In this exercise, you will export a Freehand wireframe image into Fireworks. The image will be sliced up in Fireworks and the slices will be assembled in Dreamweaver. Just to add some variety, we'll add a hot spot that sends the user to New Riders in Fireworks and another that sends the user to Macromedia in Dreamweaver.
Open the CommCenterFrame.fh file in the Chapter 5 file downloaded from the book's web site.
Open a new Fireworks document. When the New Document dialog box opens, set the width to 600 pixels, the height to 800 pixels, and set the Canvas Color to white. Click OK and new Fireworks document opens.
Click once on the Freehand document to bring Freehand to the front. Select all the items on the Freehand page by either "marqueeing" them, selecting Edit, Select, All or pressing the Command-A (Mac) or Control-A (PC) keys.
Drag all the selected objects onto the Fireworks canvas. When you see a square on the Fireworks canvas, as shown in Figure 5.16, release the mouse, and all the objects will appear on the Fireworks canvas. Quit Freehand.
Yes, there are other ways of getting Freehand content into a Fireworks document. Selecting File, Import or File, Open in Fireworks immediately comes to mind. The reason we are such big fans of the drag-and-drop technique is because it is much more efficient than the previous two suggestions.
Using Figure 5.17 as your guide, select the Slice tool and slice the image. If you are looking for a seriously efficient method of slicing the images, select them all and press Alt-Shift-U (PC) or Option-Shift-U (Mac). When you are alerted that multiple items are selected, click Multiple. This keyboard command applies slices to all selected objects. A slightly slower method is to select Edit, Insert, Slice.
Under the text box at the top of the image, there are four submenus. Select the first one and enter http://www.newriders.com in the Link area of the Fireworks Property Inspector.
Keeping with our "speed" theme, here's a really fast one-click method of exporting the slices into Dreamweaver. Click the Fireworks Quick Export button in the upper-right corner of the Document window. When the pop-down menu appears, select Dreamweaver, Export HTML to open the Export preview dialog box. Name the file and save it to the Slices folder of your Chapter Five Exercises folder. When the Dialog box closes, save the file as a .png file.
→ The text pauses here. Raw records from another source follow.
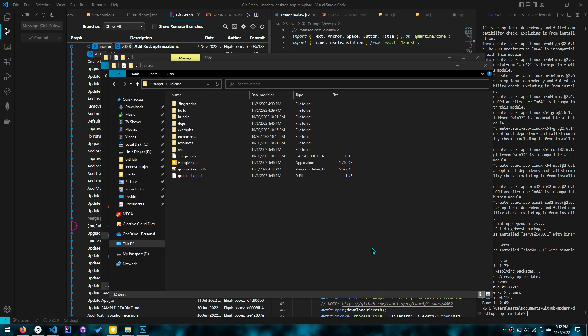Hey guys, welcome back to another video. In this video, I'll be talking about cross-platform distribution, which I'm really excited about. It's in the works. I've had this idea for 10 months now, so I'm happy that I'm able to make this video.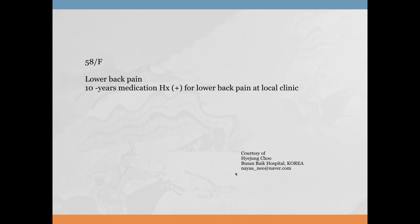Next case: 58-year-old female with lower back pain, 10 years of medication history, and history positive for lower back pain clinic. AP and lateral views are provided.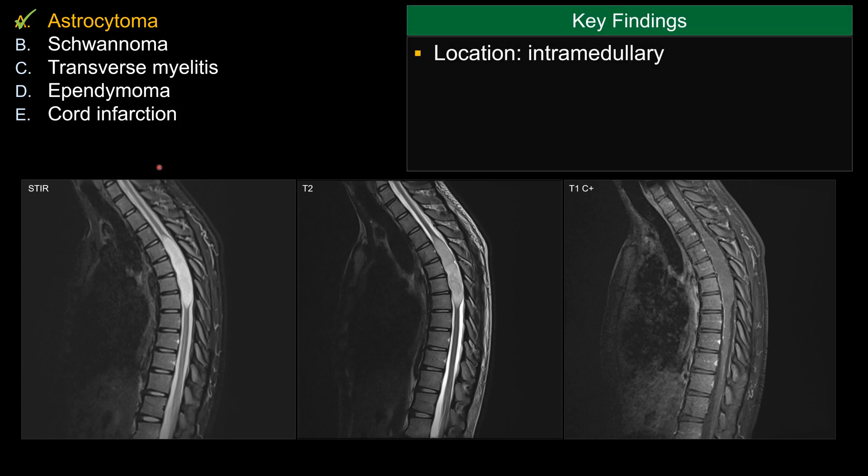When you see a spinal lesion, the first thing that you need to do is to localize which compartment this lesion fits in. This is an intramedullary lesion. Other lesions such as extramedullary intradural versus extradural have a different differential diagnosis.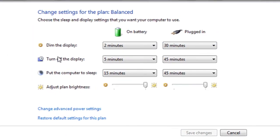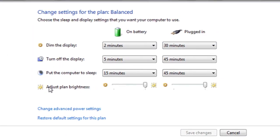Here at the bottom, you'll see adjust plan brightness. You can dim or brighten the display, depending on what you want.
Click the Quick Export button and this time select Dreamweaver, Launch Dreamweaver. Dreamweaver will open with a new blank page. Close this blank page, navigate to the SliceIt folder, and open the HTML file just created in Fireworks. If you click on the button that was assigned the New Riders link in Fireworks, you will see the link in the Dreamweaver Property Inspector.
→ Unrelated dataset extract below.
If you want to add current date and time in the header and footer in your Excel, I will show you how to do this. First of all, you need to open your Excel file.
Select the Hot Spot tool on the Dreamweaver Property Inspector and drag a hot spot over the last link button at the top of the page. When you release the mouse, the hot spot appears as a blue overlay over the button and the Property Inspector changes to indicate a hot spot as shown in Figure 5.18. Enter http://www.macromedia.com in the Link area of the Property Inspector.
Test the file in a browser by pressing the F12 key.